| PROBLEM STATEMENT |
Beginning at the line that contains "Theory Wool Blend", reproduce the entries below exactly, ending with the line that contains "CRAFT KALA Blue". Omit each picture.

| EXTRACTED RECORDS |
********
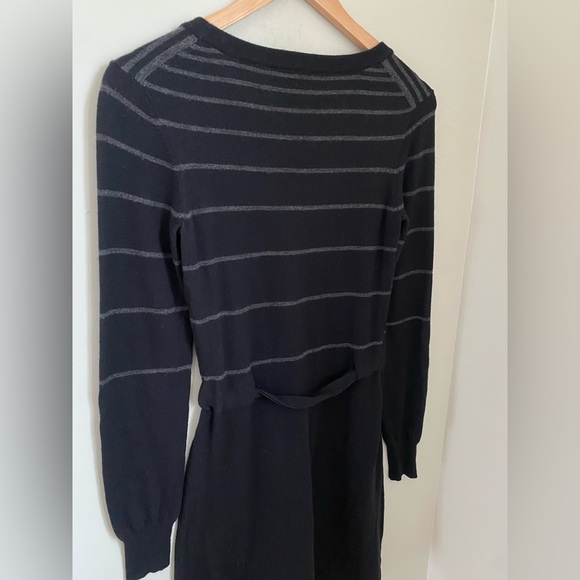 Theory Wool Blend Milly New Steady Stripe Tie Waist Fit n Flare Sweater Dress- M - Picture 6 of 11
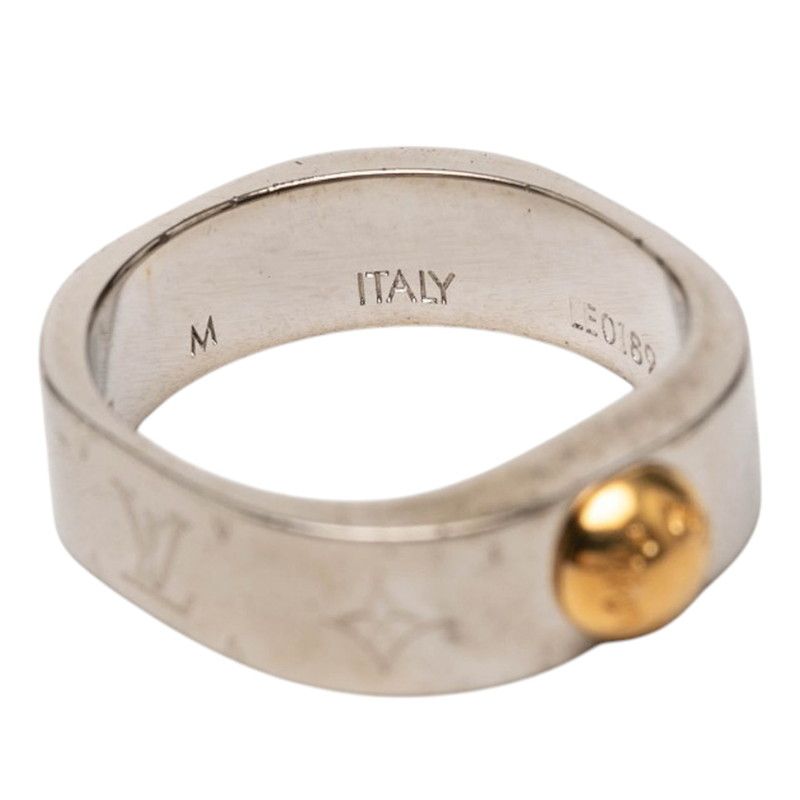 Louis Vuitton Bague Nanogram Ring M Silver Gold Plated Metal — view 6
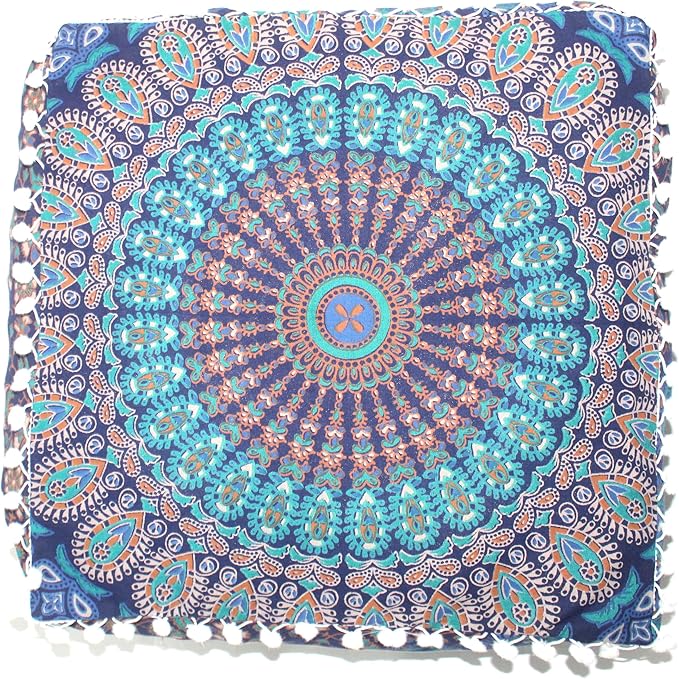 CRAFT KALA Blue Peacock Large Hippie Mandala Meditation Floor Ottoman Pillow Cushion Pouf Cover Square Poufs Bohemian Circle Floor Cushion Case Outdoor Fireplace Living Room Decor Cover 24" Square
********
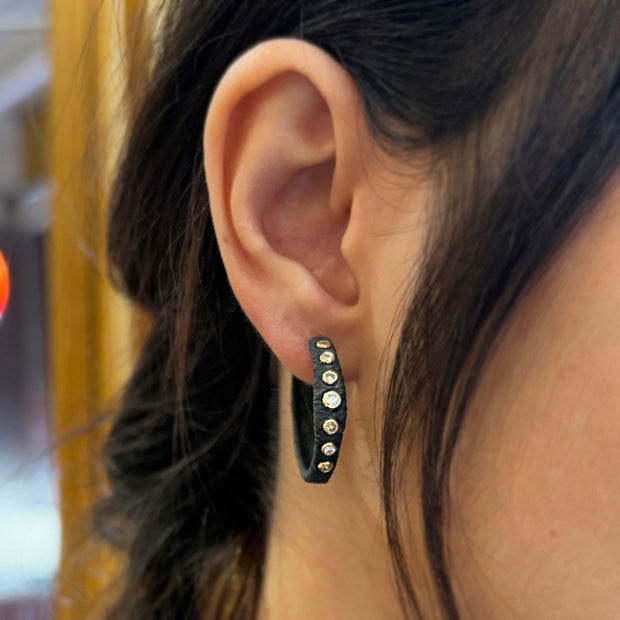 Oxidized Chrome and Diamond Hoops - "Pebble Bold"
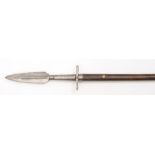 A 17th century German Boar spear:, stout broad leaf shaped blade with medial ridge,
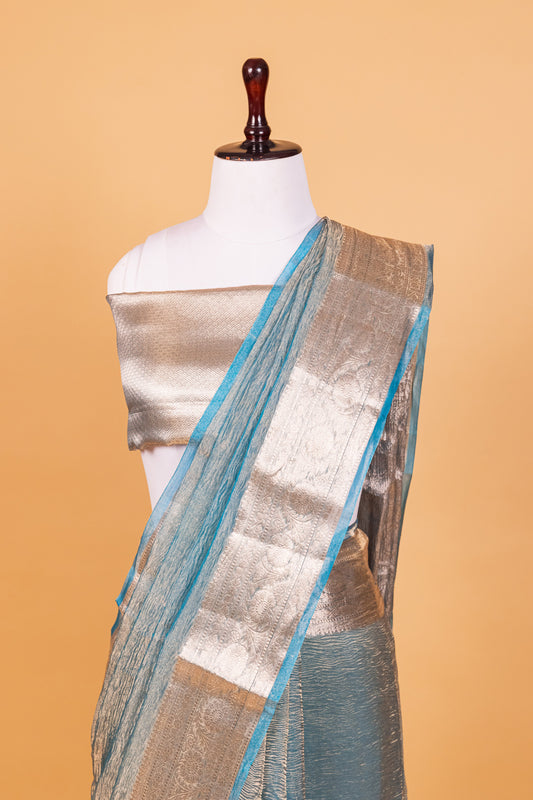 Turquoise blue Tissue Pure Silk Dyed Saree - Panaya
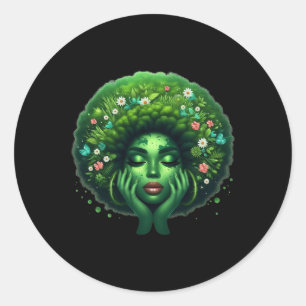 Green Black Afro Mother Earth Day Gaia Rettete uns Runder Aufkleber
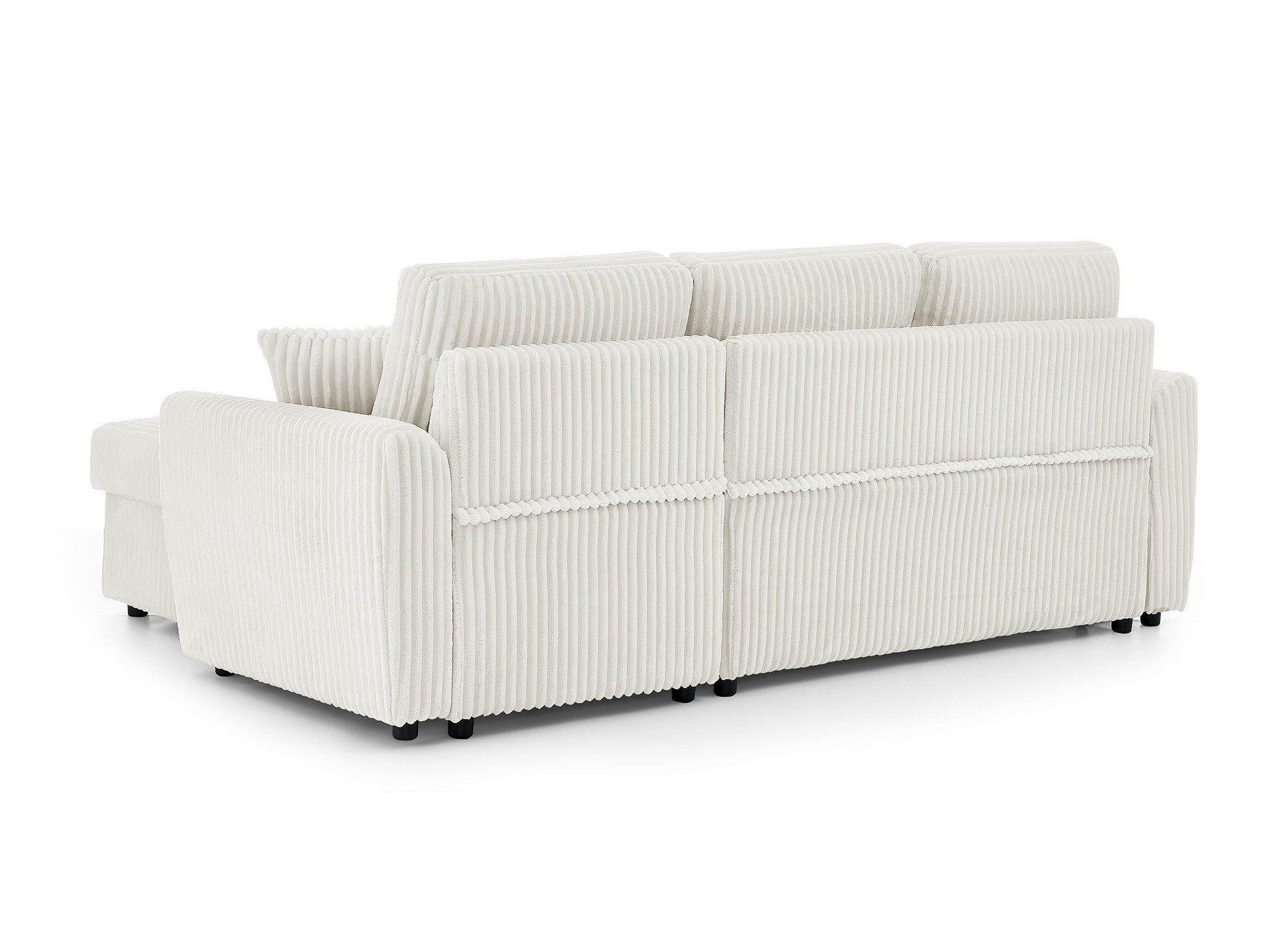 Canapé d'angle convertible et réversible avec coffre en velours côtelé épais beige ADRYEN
********
| ANSWER TO THIS TASK |
 Theory Wool Blend Milly New Steady Stripe Tie Waist Fit n Flare Sweater Dress- M - Picture 6 of 11
 Louis Vuitton Bague Nanogram Ring M Silver Gold Plated Metal — view 6
 CRAFT KALA Blue Peacock Large Hippie Mandala Meditation Floor Ottoman Pillow Cushion Pouf Cover Square Poufs Bohemian Circle Floor Cushion Case Outdoor Fireplace Living Room Decor Cover 24" Square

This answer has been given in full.